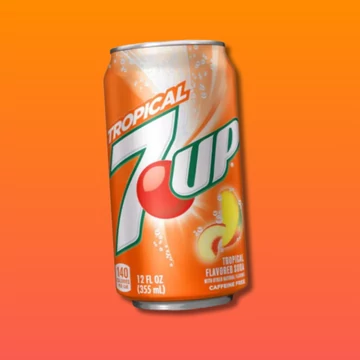 7up Tropical USA trópusi ízű szénsavas üdítőital 355ml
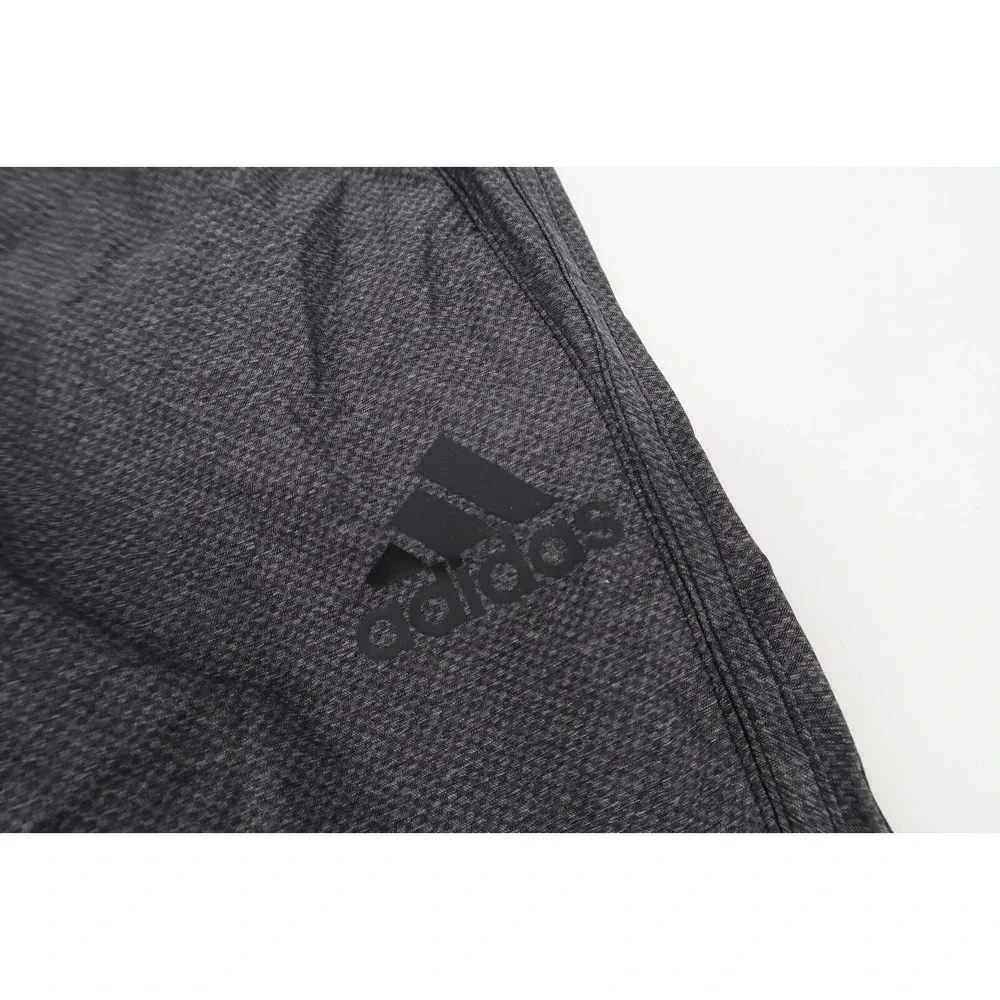Adidas Mens XXL Essentials Woven Pants Black Track Gym Ankle Zip Pant S13984 2XL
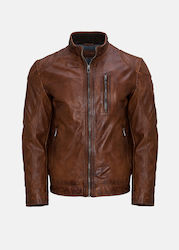 Milestone Pepino Men's Winter Leather Jacket Cognac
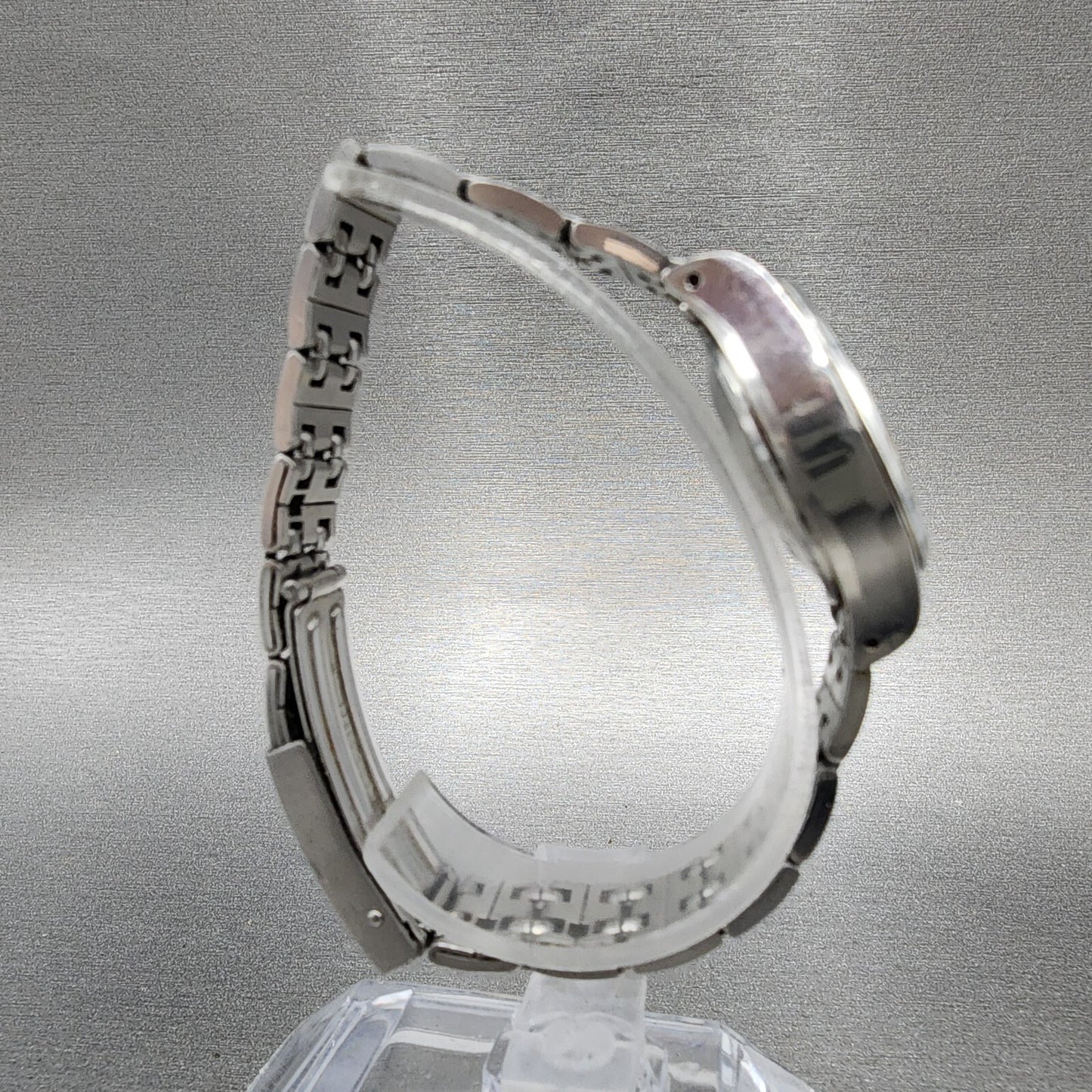 Seiko Chorus Watch Women 25mm Silver Dial Silver Tone Date Manual 2118-0200 Runs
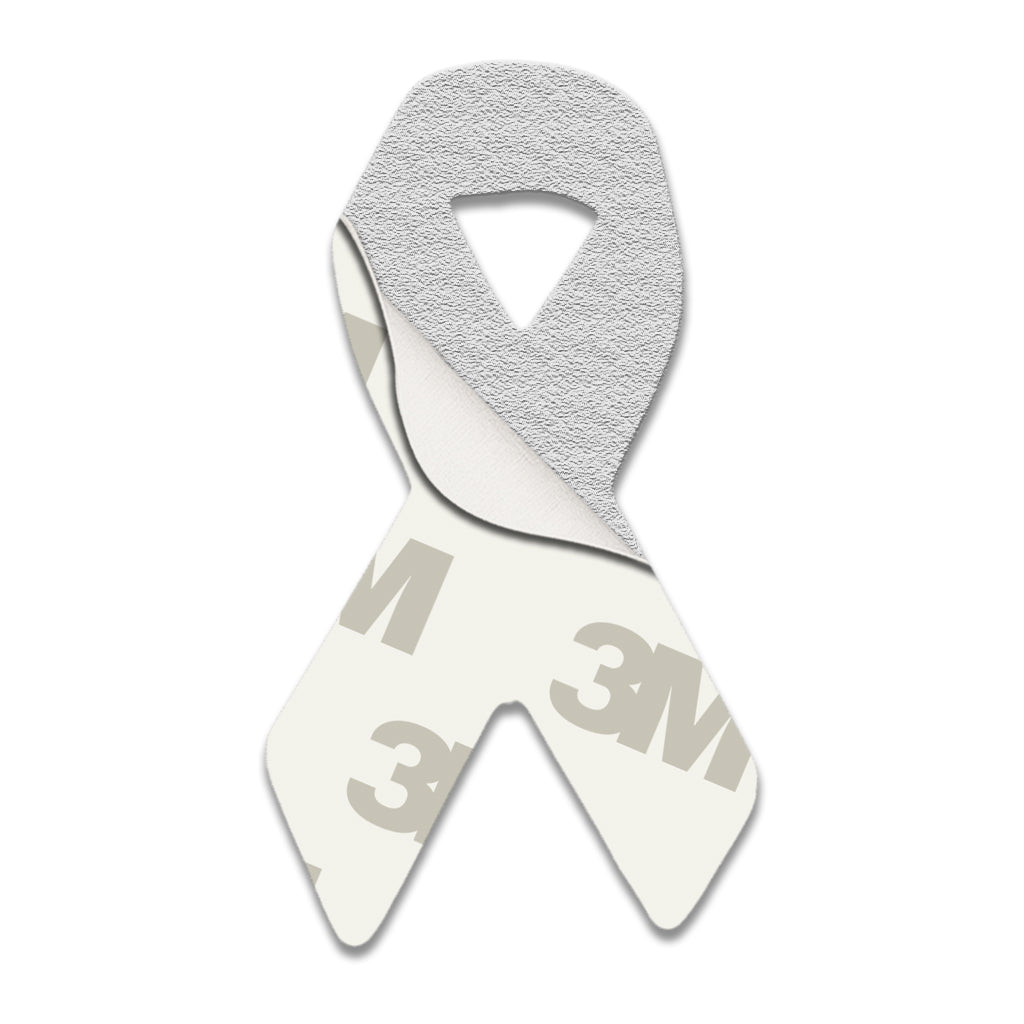 Pink Ribbon Breast Cancer Awareness Metal Phone Sticker With 3M Sticky Backing - StickyPins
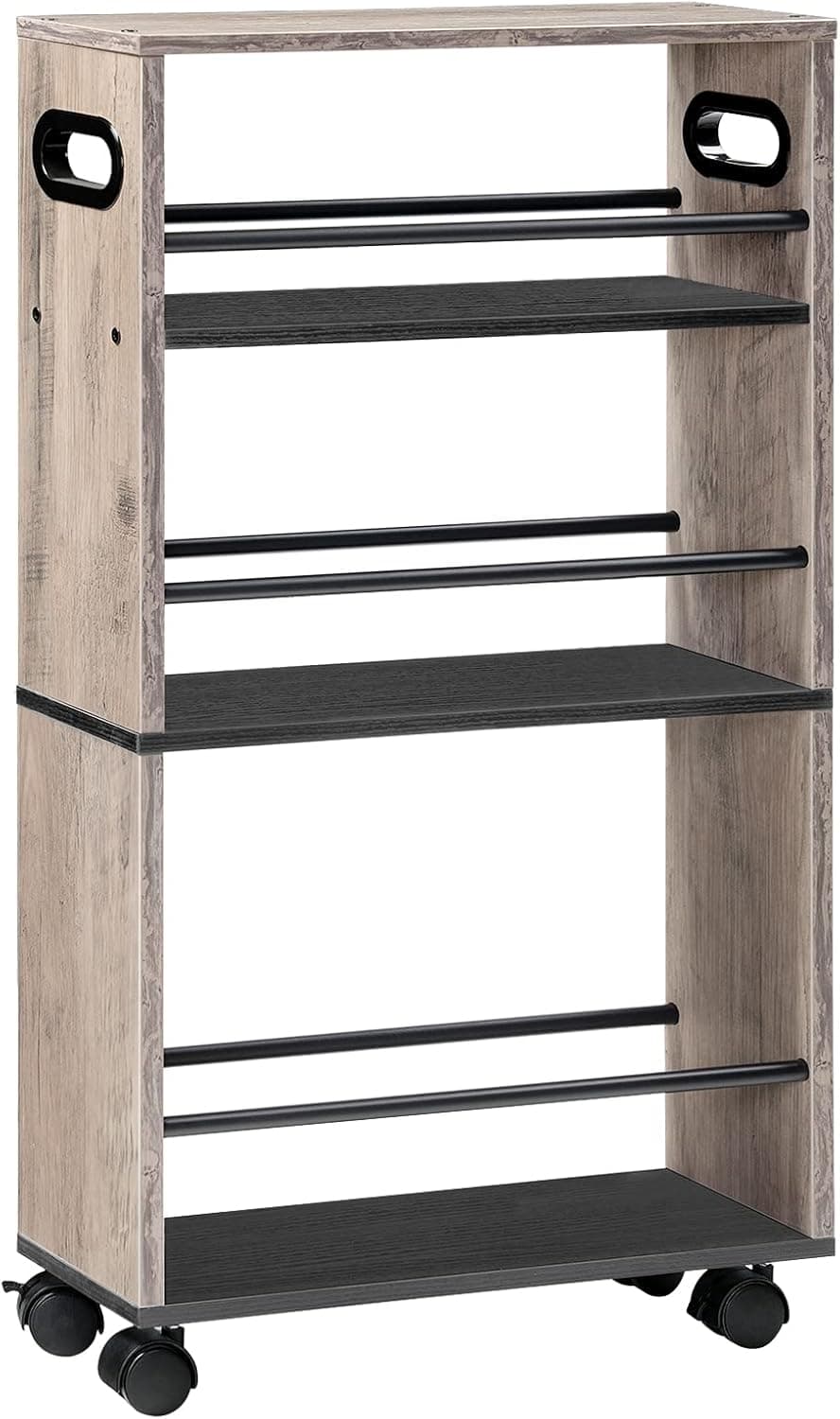 Pojazdný kuchynský regál Vasagle Tonari 45 cm sivý 1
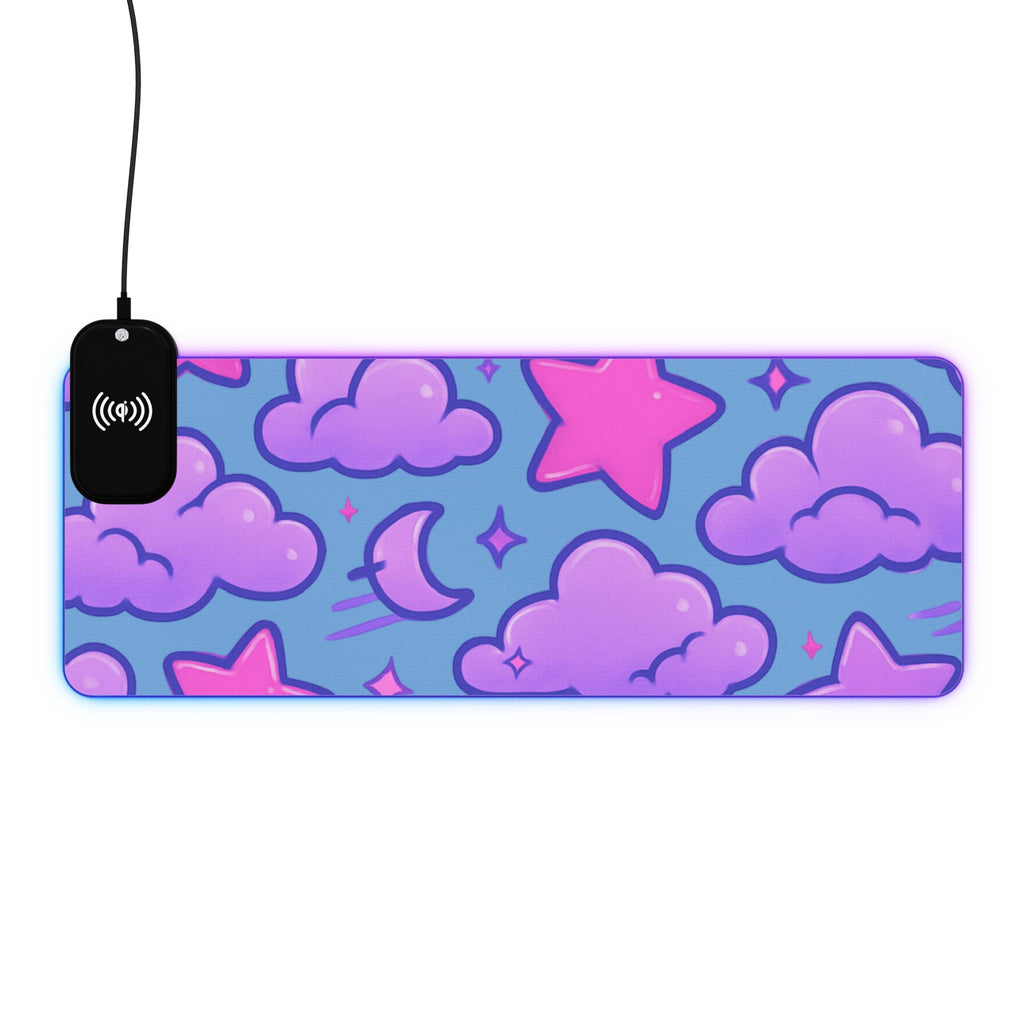 LED Gaming Mouse Pad, Wireless Charging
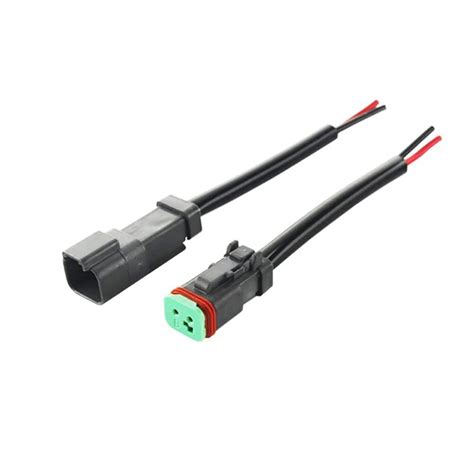 Deutsch Dt 2 Pin Pigtail Kit Male Female Socket Cable Waterproof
****
§ **Your task**:
Each line of the data should be quoted exactly, with pictures left out.

§ **Response area**:
 7up Tropical USA trópusi ízű szénsavas üdítőital 355ml
Adidas Mens XXL Essentials Woven Pants Black Track Gym Ankle Zip Pant S13984 2XL
 Milestone Pepino Men's Winter Leather Jacket Cognac
 Seiko Chorus Watch Women 25mm Silver Dial Silver Tone Date Manual 2118-0200 Runs
 Pink Ribbon Breast Cancer Awareness Metal Phone Sticker With 3M Sticky Backing - StickyPins
 Pojazdný kuchynský regál Vasagle Tonari 45 cm sivý 1
 LED Gaming Mouse Pad, Wireless Charging
 Deutsch Dt 2 Pin Pigtail Kit Male Female Socket Cable Waterproof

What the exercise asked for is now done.